Now this is a big microphone! It is heavy, with a die cast body in metallic blue, a nice retro look, and a huge, hardened steel mesh grill. We had just finished taking apart an SM58 and a Lewett vocal mic to look at the dynamic capsules. Both were a similar size and looked remarkably alike. “Now what do you reckon this looks like inside?” I challenged the class as I unscrewed the steel mesh grill. Luckily for once I didn’t answer my own question. The students mostly figured it would be a bigger dynamic capsule to capture all that extra low end. I was actually quite surprised, once I had it open, to find that it was a capsule almost identical in size to the SM58.
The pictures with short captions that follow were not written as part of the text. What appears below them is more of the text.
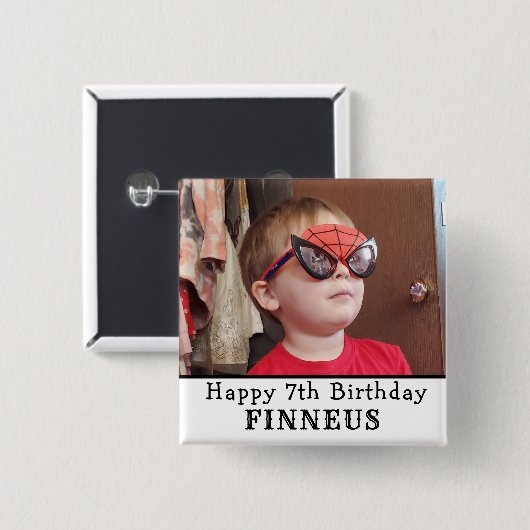 Personalisierter Glückwunsch Geburtsname und Alter Button (Vorne & Hinten)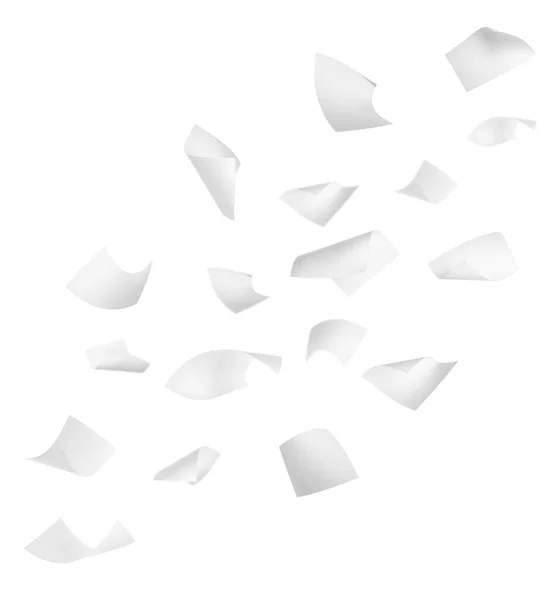 Beyaz Arkaplanda Birçok Uçan Kağıt Tabaka — Stok fotoğraf
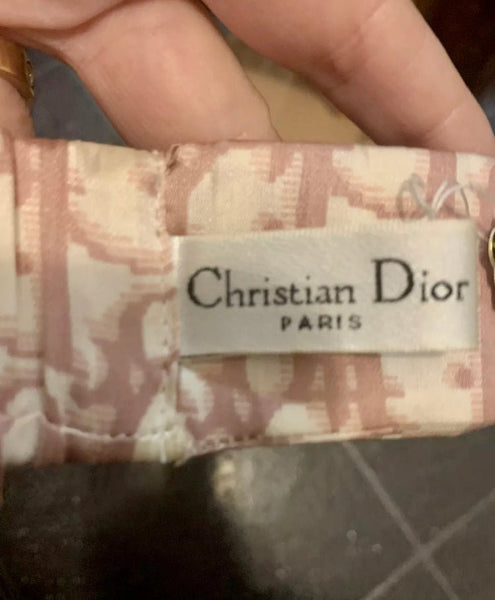 Christian Dior Pink Monogram Diamanté Silk Hairband - V & G Luxe Boutique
Does his matter? No. It is what it sounds like that is important. We listened to all the mics in turn and what is important about the B52 is it’s ability to stand high pressure levels and also it’s polar pattern. As Shure say “The Beta 52A features a modified super-cardioid pattern throughout its frequency range to ensure high gain-before-feedback and excellent rejection of unwanted sound.” The important part here is the ‘throughout it’s frequency range”. When we talk about pick up patterns, describing a mic as cardioid, or super-cardioid, we are usually talking about an average pattern over a reduced range. A microphone may be cardioid at 1kHz but almost omni-directional at 100Hz. The success of the B52 is that it keeps its cardioid response down below 100Hz. By doing this it keeps the low end tight, restricting it to sounds entering the front of the mic. If you talk into the side you get virtually no sound. On stage this is a massive advantage as spill is minimised, especially in the low end.
The important thing is to listen to what a microphone does. How does it sound? What are its strengths? What are its weaknesses? And just because a microphone is huge doesn’t mean it’s got a big capsule!